Instructions for the task:
Reproduce exactly, from the data that follows, the line with "Кисть плоская 70мм", the line with "KEDIT Two Wheeler", and every line that lies between them.

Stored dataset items
§ §

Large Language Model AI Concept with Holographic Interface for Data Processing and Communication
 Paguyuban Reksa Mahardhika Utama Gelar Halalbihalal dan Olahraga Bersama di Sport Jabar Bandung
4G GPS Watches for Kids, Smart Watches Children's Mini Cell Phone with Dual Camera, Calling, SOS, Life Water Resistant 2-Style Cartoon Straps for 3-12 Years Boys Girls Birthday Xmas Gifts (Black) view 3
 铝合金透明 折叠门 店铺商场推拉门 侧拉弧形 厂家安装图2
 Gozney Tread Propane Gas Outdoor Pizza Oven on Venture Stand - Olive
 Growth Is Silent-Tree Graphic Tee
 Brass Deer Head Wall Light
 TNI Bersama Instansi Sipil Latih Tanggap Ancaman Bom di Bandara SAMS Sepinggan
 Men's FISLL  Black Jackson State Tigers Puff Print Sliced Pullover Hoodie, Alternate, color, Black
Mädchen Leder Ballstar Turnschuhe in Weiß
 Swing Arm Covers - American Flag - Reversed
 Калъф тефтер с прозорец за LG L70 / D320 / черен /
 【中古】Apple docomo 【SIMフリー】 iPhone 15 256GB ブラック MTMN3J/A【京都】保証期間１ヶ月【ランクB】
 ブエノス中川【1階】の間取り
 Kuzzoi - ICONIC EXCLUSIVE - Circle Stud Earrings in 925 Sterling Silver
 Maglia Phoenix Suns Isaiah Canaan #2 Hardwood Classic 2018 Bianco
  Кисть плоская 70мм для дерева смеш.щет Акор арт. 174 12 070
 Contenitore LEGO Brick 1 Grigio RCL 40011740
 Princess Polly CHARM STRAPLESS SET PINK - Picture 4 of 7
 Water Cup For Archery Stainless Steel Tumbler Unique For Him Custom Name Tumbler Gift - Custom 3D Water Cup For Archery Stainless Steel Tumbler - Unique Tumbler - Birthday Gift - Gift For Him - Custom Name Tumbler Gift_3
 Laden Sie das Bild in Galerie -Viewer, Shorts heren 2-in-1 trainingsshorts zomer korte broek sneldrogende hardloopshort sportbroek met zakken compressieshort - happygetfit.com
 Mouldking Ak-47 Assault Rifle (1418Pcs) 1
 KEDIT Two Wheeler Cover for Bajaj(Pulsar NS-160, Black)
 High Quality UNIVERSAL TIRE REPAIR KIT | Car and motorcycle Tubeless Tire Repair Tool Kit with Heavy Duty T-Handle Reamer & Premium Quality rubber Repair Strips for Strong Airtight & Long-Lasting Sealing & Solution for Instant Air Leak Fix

§ §

Answer area:
  Кисть плоская 70мм для дерева смеш.щет Акор арт. 174 12 070
 Contenitore LEGO Brick 1 Grigio RCL 40011740
 Princess Polly CHARM STRAPLESS SET PINK - Picture 4 of 7
 Water Cup For Archery Stainless Steel Tumbler Unique For Him Custom Name Tumbler Gift - Custom 3D Water Cup For Archery Stainless Steel Tumbler - Unique Tumbler - Birthday Gift - Gift For Him - Custom Name Tumbler Gift_3
 Laden Sie das Bild in Galerie -Viewer, Shorts heren 2-in-1 trainingsshorts zomer korte broek sneldrogende hardloopshort sportbroek met zakken compressieshort - happygetfit.com
 Mouldking Ak-47 Assault Rifle (1418Pcs) 1
 KEDIT Two Wheeler Cover for Bajaj(Pulsar NS-160, Black)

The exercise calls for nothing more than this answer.